Why Most Study Habits Don't Work
If you've ever re-read your notes dozens of times only to blank on exam day, you're not alone. Most students default to passive study methods — highlighting, re-reading, and copying out notes — that feel productive but do little for long-term memory. The good news? Cognitive science has identified two techniques that genuinely work: active recall and spaced repetition.
What Is Active Recall?
Active recall is the practice of retrieving information from memory without looking at your notes. Instead of reading a fact and hoping it sticks, you force your brain to reconstruct the answer. This process of retrieval itself strengthens the neural pathways associated with that knowledge.
Simple ways to practice active recall include:
- Flashcards: Write a question on one side, the answer on the other. Test yourself repeatedly.
- The Blank Page Method: Close your notes and write down everything you remember about a topic from scratch.
- Practice Questions: Work through past papers or end-of-chapter questions before you feel "ready."
- The Feynman Technique: Try to explain a concept out loud as if teaching it to a complete beginner.
What Is Spaced Repetition?
Spaced repetition leverages the spacing effect — the finding that information is better retained when review sessions are spread out over time rather than crammed together. Instead of studying a topic for three hours in one sitting, you study it for 30 minutes today, revisit it in two days, then again in a week, and so on.

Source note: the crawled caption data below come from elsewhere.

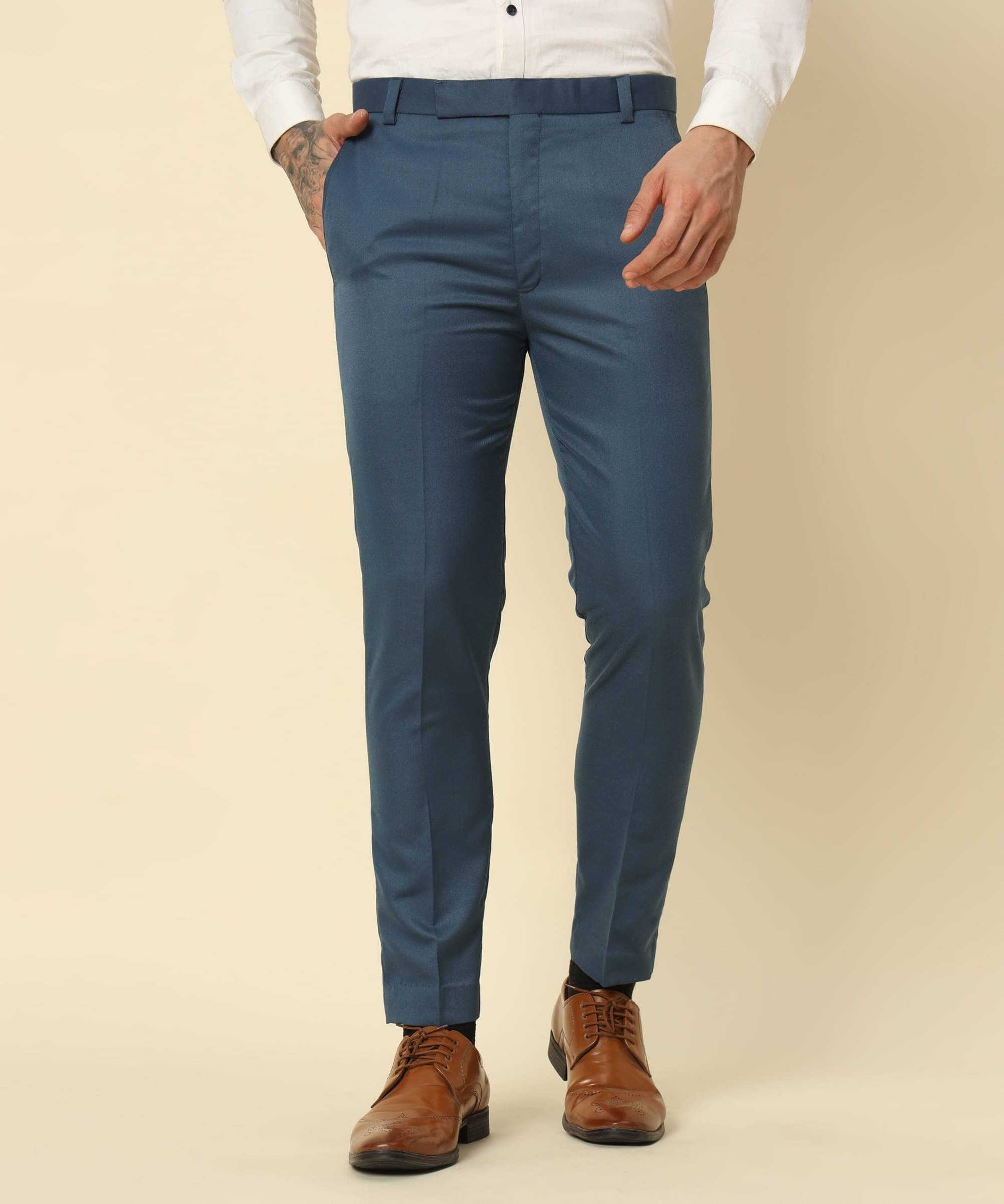     			HEMLOCK Regular Flat Men's Formal Trouser - Blue ( Pack of 1 )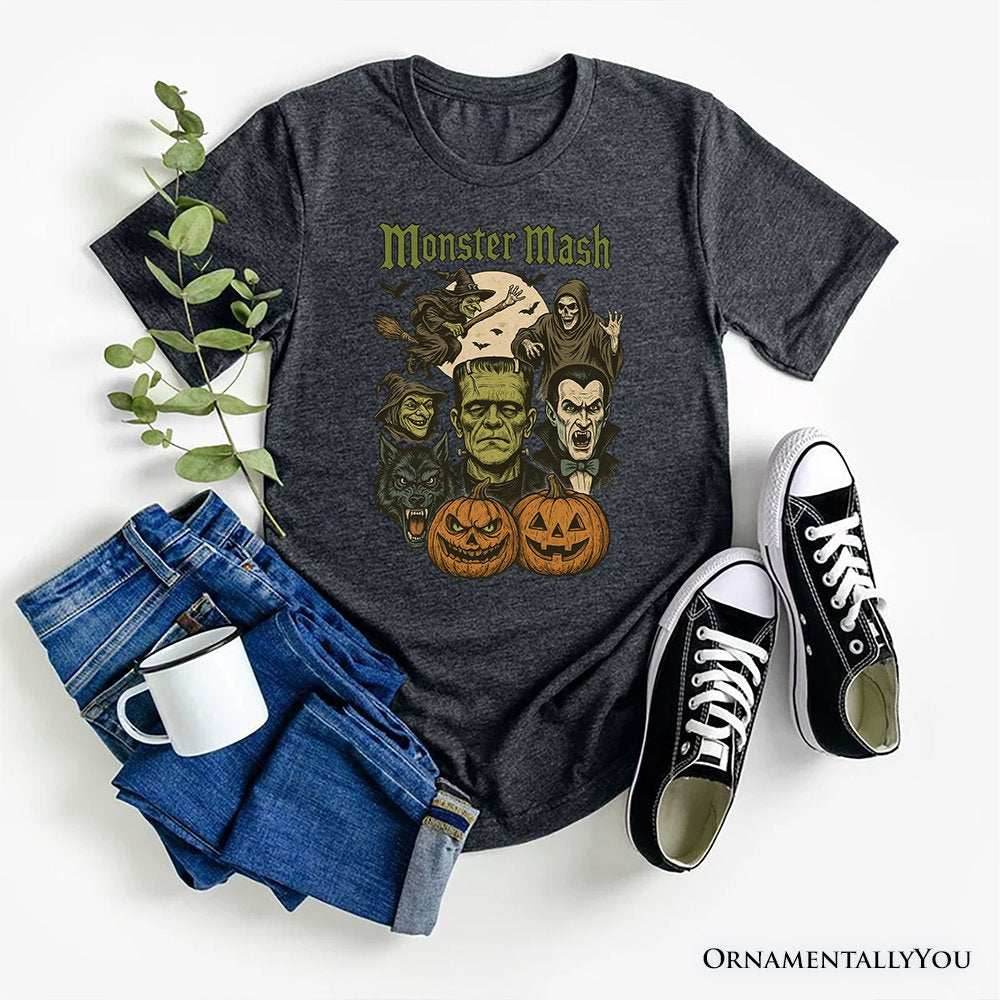Monster Mash Classic T-Shirt, Halloween Monsters Tee for The Spooky Season - Gray / XS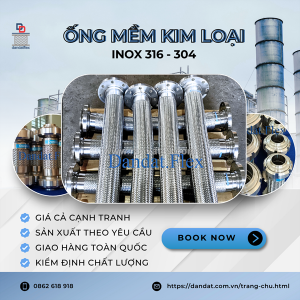 Ống mềm chịu nhiệt, ống mềm kim loại inox 314 - inox 304, dây mềm inox chịu nhiệt, ống nối mềm kim loại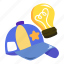hat, creative, innovation, bulb, smart 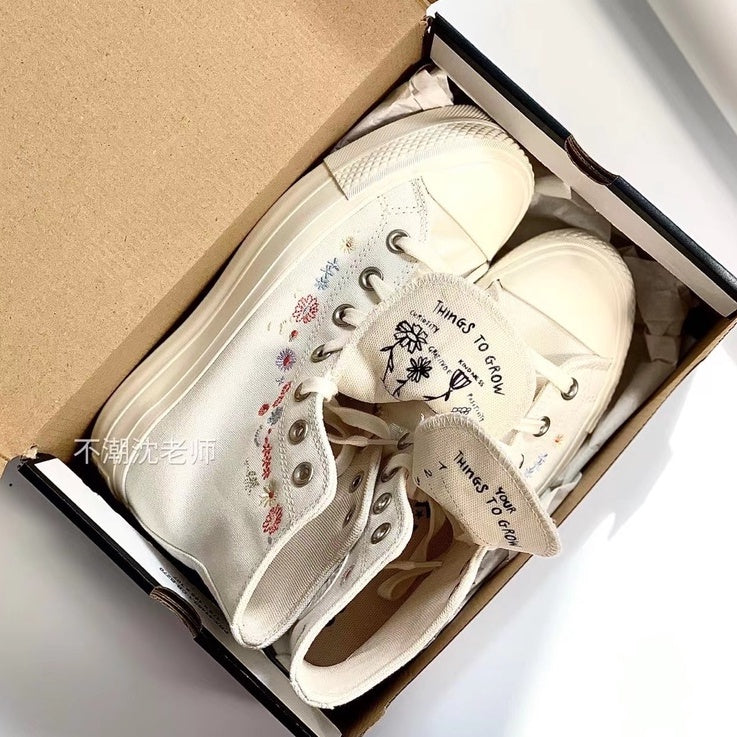 Converse Chuck Taylor Star Lift Floral Embroidery Black White High-Top Low-Top Platform Espadrilles Women's Sepatu canva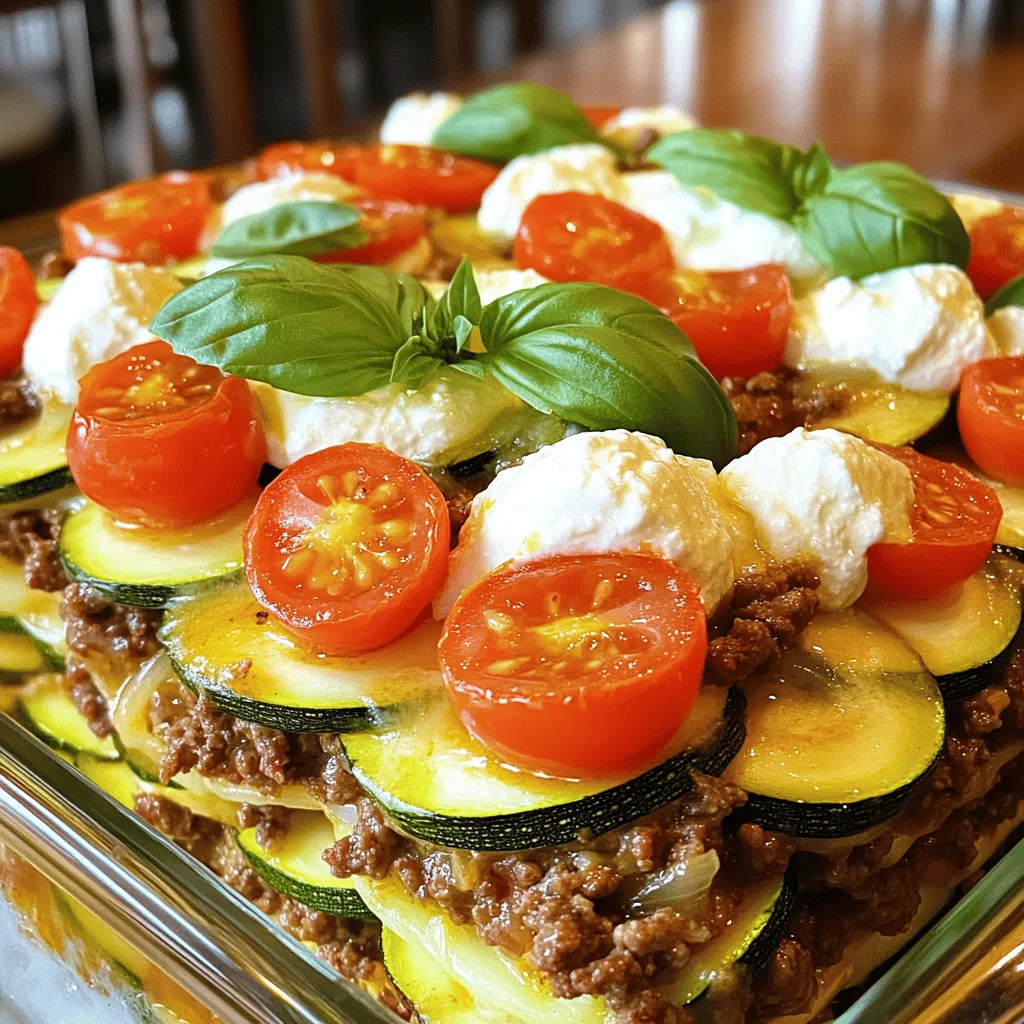 To make a tasty Ground Beef Zucchini Casserole, gather these items: - 1 lb ground beef - 3 medium zucchinis, sliced - 1 medium onion, diced - 2 cloves garlic, minced - 1 cup cherry tomatoes, halved - 1 cup shredded mozzarella cheese - 1 cup ricotta cheese - 1 tablespoon Italian seasoning - 1 teaspoon salt - ½ teaspoon black pepper - 2 tablespoons olive oil - Fresh basil leaves for garnish You can swap some ingredients for a different taste. Ground turkey works well instead of beef. If you want a lighter dish, you can try chicken or even plant-based meat. Use any cheese you like, such as cheddar or feta. If you don’t have ricotta, cottage cheese can be a good stand-in. When choosing zucchinis, look for ones that are firm and smooth. They should have a rich green color. Avoid those with soft spots or blemishes. For tomatoes, pick ones that feel plump and smell sweet. Fresh herbs, like basil, should look vibrant and green, not wilted. These tips will help your casserole shine with fresh flavors. For the full recipe, check the details above. To make Ground Beef Zucchini Casserole, you need to prep your ingredients first. Gather your tools and ingredients. You will need a large skillet and a baking dish. Have a spatula ready for mixing. This makes the process smooth and easy. 1. Preheat your oven to 375°F (190°C). 2. In the large skillet, heat 2 tablespoons of olive oil over medium heat. 3. Add 1 medium diced onion and 2 minced garlic cloves. Cook for 3-4 minutes. 4. Add 1 pound of ground beef. Break it apart with your spatula. Cook until browned, about 5-7 minutes. 5. Drain any extra fat from the skillet. 6. Stir in 1 tablespoon of Italian seasoning, 1 teaspoon of salt, and ½ teaspoon of black pepper. Mix well. 7. In a large baking dish, layer the 3 sliced zucchinis to cover the bottom. 8. Spoon half of the beef mixture over the zucchinis. 9. Add half of the ricotta cheese by dolloping it over the beef. 10. Scatter half of the cherry tomato halves on top. 11. Repeat the layers with the rest of the zucchinis, beef mixture, ricotta, and tomatoes. 12. Finish with a layer of 1 cup of shredded mozzarella cheese on top. 13. Cover the dish with aluminum foil and bake for 25 minutes. 14. Remove the foil and bake for an additional 15-20 minutes, until the cheese is golden. 15. Let the casserole rest for 10 minutes before slicing. Garnish with fresh basil leaves. Layering is key to a great casserole. Start with zucchinis as a base. This keeps the dish moist. Use a spatula to spread the beef evenly. Make sure every layer gets some cheese. This helps to bind the flavors. Don't rush; take your time to layer well. It makes a big difference in taste! To make your ground beef zucchini casserole shine, focus on the layers. Use fresh zucchinis for a crisp texture. Slice them thin, about 1/4 inch thick. This helps them cook evenly. Drain excess fat from the beef to avoid a greasy dish. Let the casserole rest for 10 minutes after baking. This makes it easier to slice and serve. One common mistake is overcooking the beef. Cook it just until brown; it will finish cooking in the oven. Another pitfall is not seasoning enough. Add salt and pepper to taste, as it enhances flavors. Don't skip the foil cover during the first baking phase. This helps steam the zucchinis and keeps them tender. Also, avoid using too much cheese, which can overpower the other flavors. Want to give your casserole a boost? Try adding crushed red pepper flakes for heat. Fresh herbs like thyme or parsley can add a lovely aroma. You can also use different cheeses, like cheddar or feta, for unique flavors. For a touch of sweetness, mix in some diced bell peppers. If you love garlic, add more minced cloves to the beef mixture. These small tweaks can take your casserole from good to great! For the full recipe, check out the Ground Beef Zucchini Dream Casserole. {{image_2}} To make a vegetarian version, swap ground beef for lentils or chopped mushrooms. Both options add great texture and flavor. Use the same spices from the original recipe. You can also add more veggies like spinach or bell peppers. This keeps the dish hearty and satisfying. If you want dairy-free options, use cashew cheese or almond milk. You can swap ricotta cheese for mashed tofu mixed with lemon juice. This gives a creamy texture without dairy. For mozzarella, try vegan cheese shreds. These changes ensure everyone can enjoy this dish. Feel free to add other vegetables you love. Sliced bell peppers, carrots, or even broccoli work well. Just chop them to a similar size as the zucchini. Layer them in with the beef for added crunch and nutrients. Mixing in different vegetables makes the casserole colorful and fun. For the full recipe, dive into the delightful details of making this dish! After enjoying your Ground Beef Zucchini Casserole, let it cool down. Place any leftovers in an airtight container. This helps keep the flavors fresh. You can store it in the fridge for up to three days. When storing, make sure to cover it well. This prevents it from drying out or absorbing other odors. To reheat your casserole, preheat the oven to 350°F (175°C). Place the casserole in an oven-safe dish. Cover it with foil to keep it moist. Heat for about 20-25 minutes. You can also use the microwave for faster reheating. Place a slice on a microwave-safe plate. Heat it for one to two minutes, checking to avoid overheating. If you want to freeze the casserole, do it before baking. Assemble the layers in a freezer-safe dish. Cover it tightly with plastic wrap and foil. This prevents freezer burn. You can freeze it for up to three months. When ready to eat, thaw it in the fridge overnight. Bake it as per the Full Recipe instructions. Enjoy a tasty meal anytime! Ground Beef Zucchini Casserole lasts about 3 to 5 days in the fridge. Store it in an airtight container to keep it fresh. If you want to enjoy it longer, you can freeze it. Frozen casserole can last up to 3 months. Just remember to thaw it in the fridge before reheating. Yes, you can prepare this casserole in advance. You can assemble it a day ahead. Just cover it well and store it in the fridge. This way, you save time on busy days. When you are ready to bake, add a few extra minutes to the cooking time. This casserole pairs well with a simple green salad. You can also serve it with garlic bread or a side of roasted vegetables. For a light touch, try a yogurt or sour cream dip. These options will balance the rich flavors of the casserole. Absolutely! This recipe is perfect for meal prep. You can divide the casserole into individual portions. Store them in meal prep containers for easy grab-and-go meals. This makes it simple to enjoy delicious food throughout the week. Check out the Full Recipe for more details! In this article, we explored the key ingredients and preparations for Ground Beef Zucchini Casserole. You learned about ingredient swaps and how to pick fresh vegetables. We walked through step-by-step cooking instructions and shared helpful tips for layering. I also gave advice on storage, reheating, and freezing. As you try this recipe, remember to have fun and adjust flavors. Cooking should be enjoyable and suit your taste!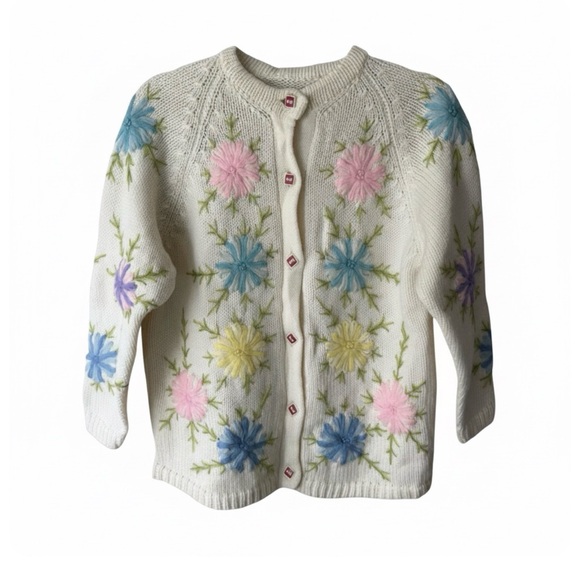 Handmade Sweaters - Vintage Hand-Knit Floral Embroidered Cardigan Sweater Cream Multicolor Size S/M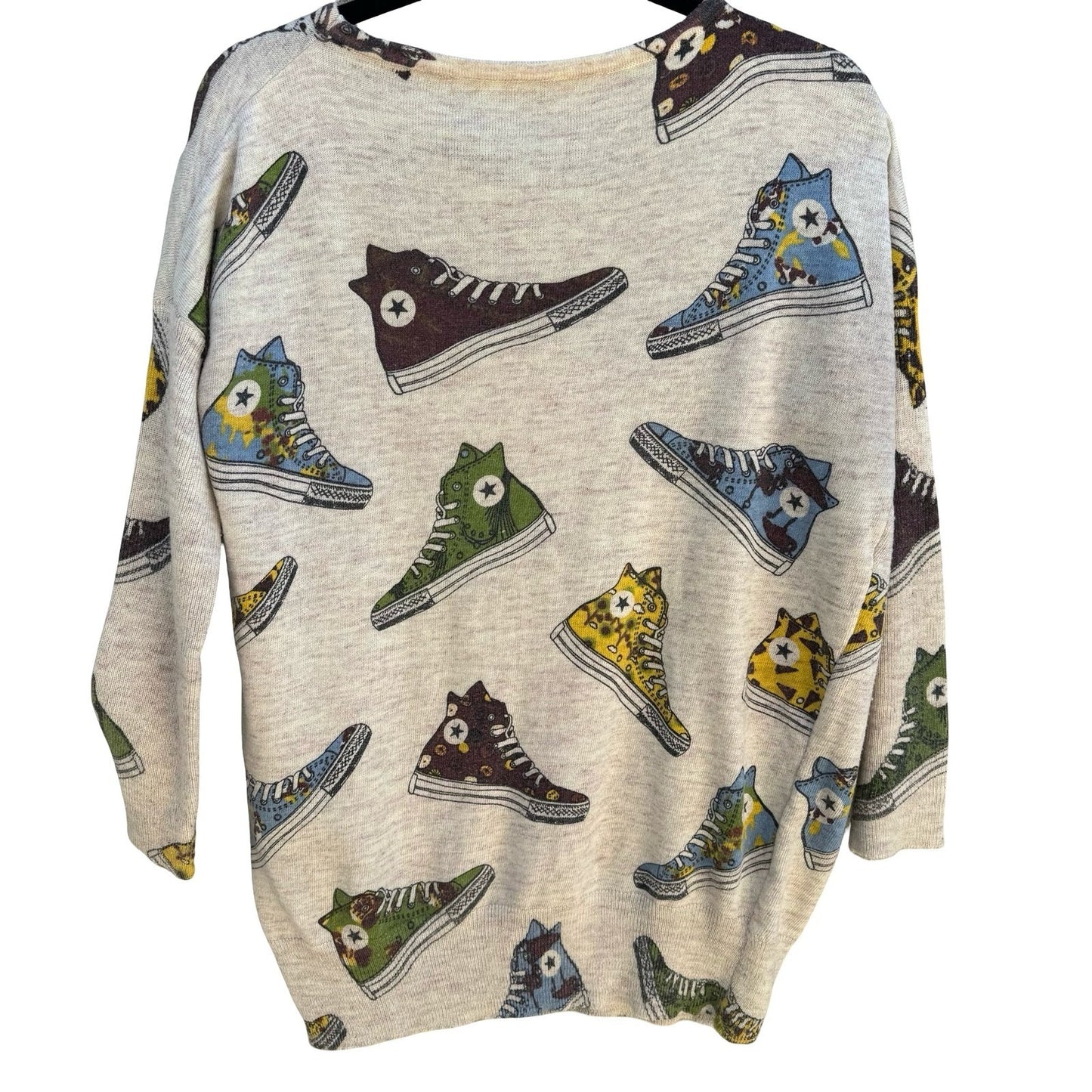 Vintage Style Sneaker Print Novelty Knit Sweater Oatmeal Sneakerhead Kitschy XL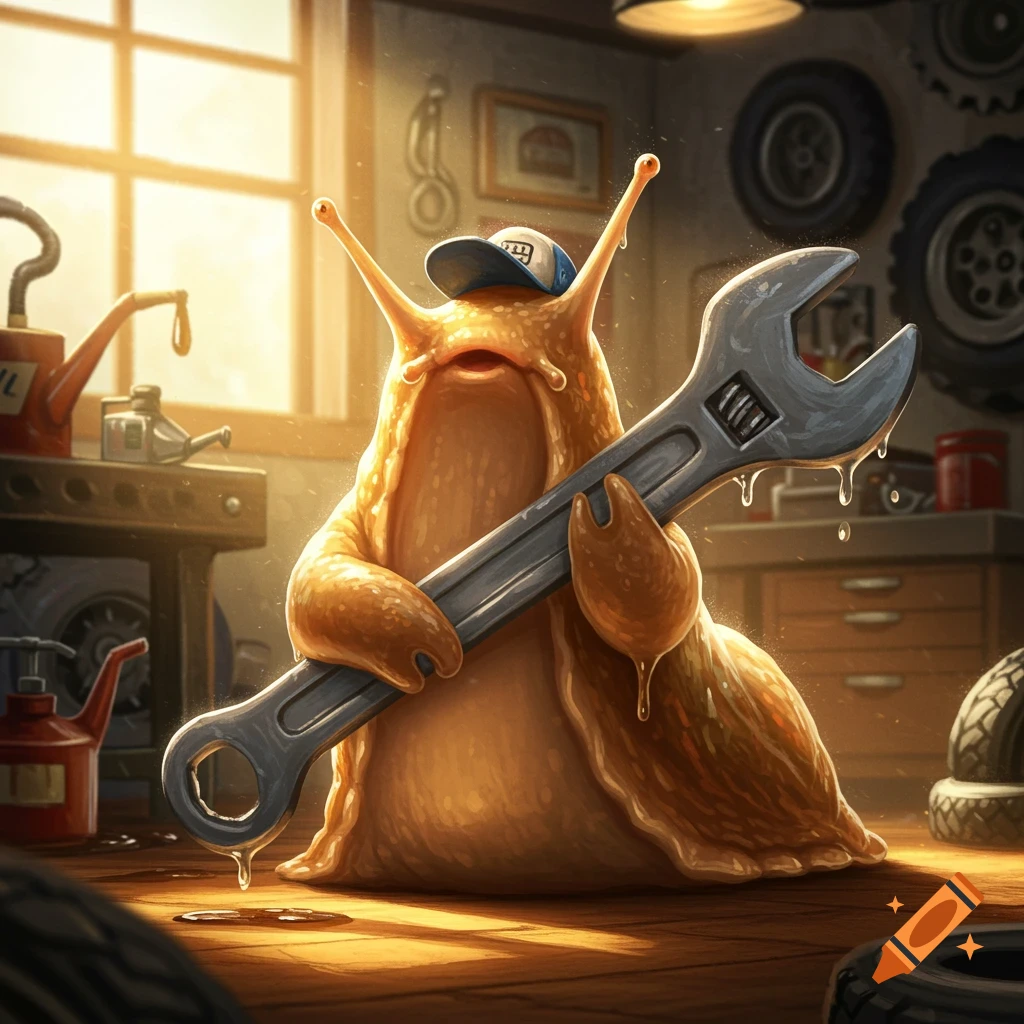 A cartoonish slug wearing a baseball cap and holding a large wrench in a dimly lit mechanic's garage. Slime drips from the slug and wrench.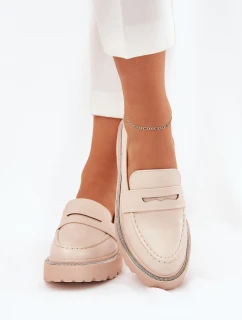 Dámské Mokasíny Eko Kožené S Béžové model 21690528 - Boto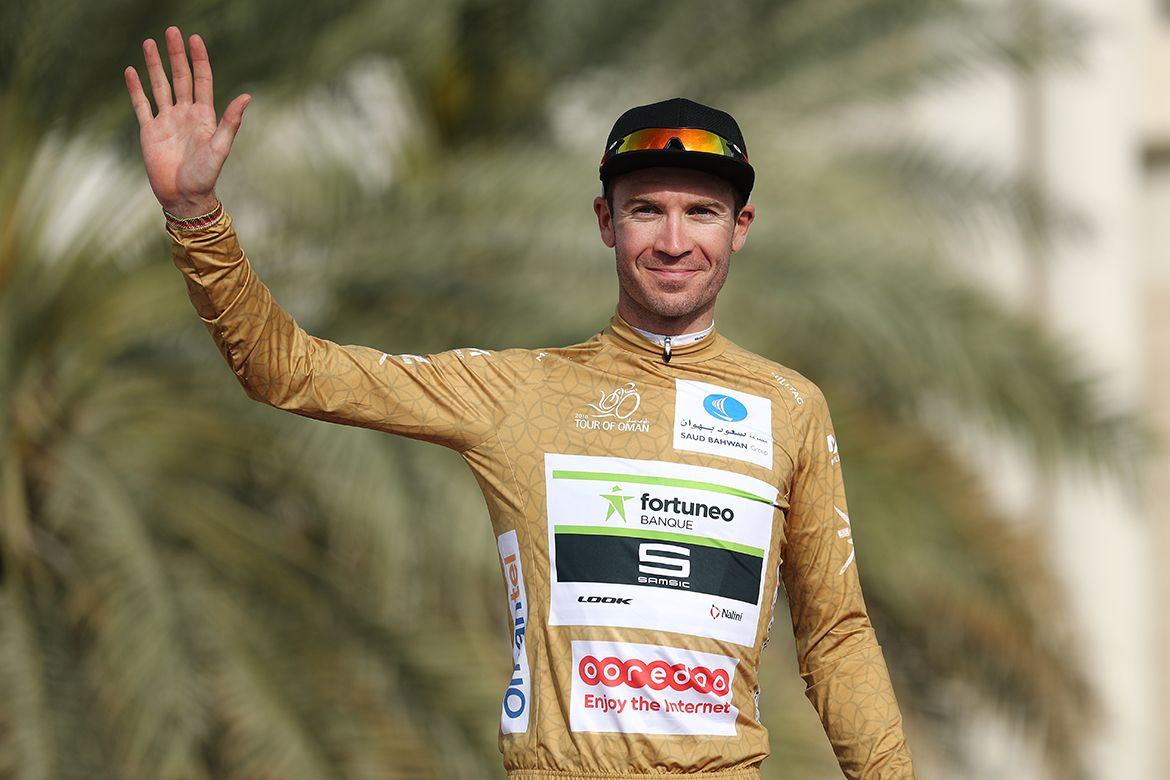 Pierre Luc Perichon (Fortuneo-Samsic) on the podium after stage 1 of the Tour of Oman.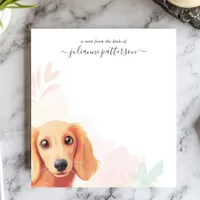 Cute Long Haired Dachshund Dog Personalized Name Notepad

The interval between each review session grows longer as your confidence in the material increases. If you struggle with a card or concept, the interval shortens so you see it more frequently until it solidifies.
Combining the Two: A Powerful Learning System
Active recall and spaced repetition are most powerful when used together. Here's a simple framework:
- First exposure: Read or attend the lecture. Take brief notes on key ideas.
- Same day: Create flashcards or question prompts for the main concepts.
- Day 2: Test yourself using your flashcards. Don't look at notes until after you've attempted each answer.
- Day 5: Review again, focusing only on the cards you got wrong.
- Day 12+: Continue increasing the interval for well-known material.
Tools That Can Help
You don't need to manage review intervals manually. Several free tools automate the spaced repetition schedule for you:
- Anki: The gold standard for spaced repetition flashcards. Available on desktop and mobile (free on Android, small fee on iOS).
- Quizlet: Great for beginners with a more visual, user-friendly interface.
- RemNote: Combines note-taking with built-in spaced repetition — ideal if you want everything in one place.
Common Mistakes to Avoid
- Making cards too broad: Each flashcard should test one specific fact or concept, not an entire topic.
- Skipping difficult cards: The cards you find hardest are the ones you need to see most often.
- Starting too late: Spaced repetition requires time between sessions. Begin building your deck on day one of a new course.
Getting Started Today
You don't need to overhaul your entire study routine overnight. Pick one subject you're currently studying and spend 20 minutes creating 10–15 flashcards on this week's material. Test yourself tonight, then again in two days. Notice how much more you retain compared to simply re-reading your notes. Small experiments like this can completely change the way you approach learning.